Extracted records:

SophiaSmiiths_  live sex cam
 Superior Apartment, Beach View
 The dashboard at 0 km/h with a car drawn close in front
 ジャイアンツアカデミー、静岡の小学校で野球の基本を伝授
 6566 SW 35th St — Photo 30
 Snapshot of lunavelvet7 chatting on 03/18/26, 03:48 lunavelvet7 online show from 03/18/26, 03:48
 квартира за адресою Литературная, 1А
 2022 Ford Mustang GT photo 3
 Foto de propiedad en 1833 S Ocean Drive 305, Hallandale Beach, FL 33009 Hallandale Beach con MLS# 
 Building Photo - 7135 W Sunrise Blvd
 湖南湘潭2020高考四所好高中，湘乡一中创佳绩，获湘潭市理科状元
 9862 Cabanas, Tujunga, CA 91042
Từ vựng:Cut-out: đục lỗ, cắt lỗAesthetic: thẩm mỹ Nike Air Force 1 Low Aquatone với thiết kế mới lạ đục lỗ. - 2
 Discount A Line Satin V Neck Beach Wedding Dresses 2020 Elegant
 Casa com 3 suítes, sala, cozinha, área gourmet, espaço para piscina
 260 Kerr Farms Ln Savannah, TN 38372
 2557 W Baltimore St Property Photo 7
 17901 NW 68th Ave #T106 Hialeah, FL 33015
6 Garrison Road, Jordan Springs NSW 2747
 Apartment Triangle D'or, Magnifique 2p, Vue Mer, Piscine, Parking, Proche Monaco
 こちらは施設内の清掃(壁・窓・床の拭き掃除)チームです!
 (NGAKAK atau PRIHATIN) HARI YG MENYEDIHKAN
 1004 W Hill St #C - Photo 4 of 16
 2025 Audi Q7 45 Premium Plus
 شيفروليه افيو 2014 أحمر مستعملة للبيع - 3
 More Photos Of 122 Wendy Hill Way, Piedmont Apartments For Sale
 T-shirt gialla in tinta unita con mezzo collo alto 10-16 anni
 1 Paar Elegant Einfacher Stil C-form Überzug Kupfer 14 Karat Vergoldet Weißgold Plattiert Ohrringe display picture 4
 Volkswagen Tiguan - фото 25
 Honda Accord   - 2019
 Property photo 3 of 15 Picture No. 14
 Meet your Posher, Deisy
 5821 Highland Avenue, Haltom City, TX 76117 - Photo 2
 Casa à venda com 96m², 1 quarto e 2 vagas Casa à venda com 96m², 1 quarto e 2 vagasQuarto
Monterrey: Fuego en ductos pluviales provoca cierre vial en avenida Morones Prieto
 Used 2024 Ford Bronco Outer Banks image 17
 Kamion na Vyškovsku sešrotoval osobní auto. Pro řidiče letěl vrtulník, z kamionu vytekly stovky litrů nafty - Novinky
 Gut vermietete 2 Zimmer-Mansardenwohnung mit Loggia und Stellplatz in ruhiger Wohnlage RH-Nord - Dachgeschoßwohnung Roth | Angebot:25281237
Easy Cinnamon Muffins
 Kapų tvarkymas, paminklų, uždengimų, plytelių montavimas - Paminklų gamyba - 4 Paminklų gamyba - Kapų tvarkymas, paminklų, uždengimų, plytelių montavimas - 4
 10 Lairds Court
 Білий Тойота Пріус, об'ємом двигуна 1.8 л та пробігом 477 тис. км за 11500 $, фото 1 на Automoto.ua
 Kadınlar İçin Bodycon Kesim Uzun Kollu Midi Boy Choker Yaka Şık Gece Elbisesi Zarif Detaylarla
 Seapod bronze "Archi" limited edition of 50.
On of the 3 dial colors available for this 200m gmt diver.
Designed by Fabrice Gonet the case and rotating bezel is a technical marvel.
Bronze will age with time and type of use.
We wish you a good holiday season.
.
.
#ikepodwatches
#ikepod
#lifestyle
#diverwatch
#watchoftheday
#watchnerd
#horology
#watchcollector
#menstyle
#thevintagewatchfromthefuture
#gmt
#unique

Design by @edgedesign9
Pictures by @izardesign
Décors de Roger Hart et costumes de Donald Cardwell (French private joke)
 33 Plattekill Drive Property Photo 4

● WORK REQUIRED: Look above for the line with "(NGAKAK atau PRIHATIN) HARI YG MENYEDIHKAN" and the line with "More Photos Of". Retype those two lines and every line between them exactly, adding nothing.

● ANSWER TO THE PROBLEM:
 (NGAKAK atau PRIHATIN) HARI YG MENYEDIHKAN
 1004 W Hill St #C - Photo 4 of 16
 2025 Audi Q7 45 Premium Plus
 شيفروليه افيو 2014 أحمر مستعملة للبيع - 3
 More Photos Of 122 Wendy Hill Way, Piedmont Apartments For Sale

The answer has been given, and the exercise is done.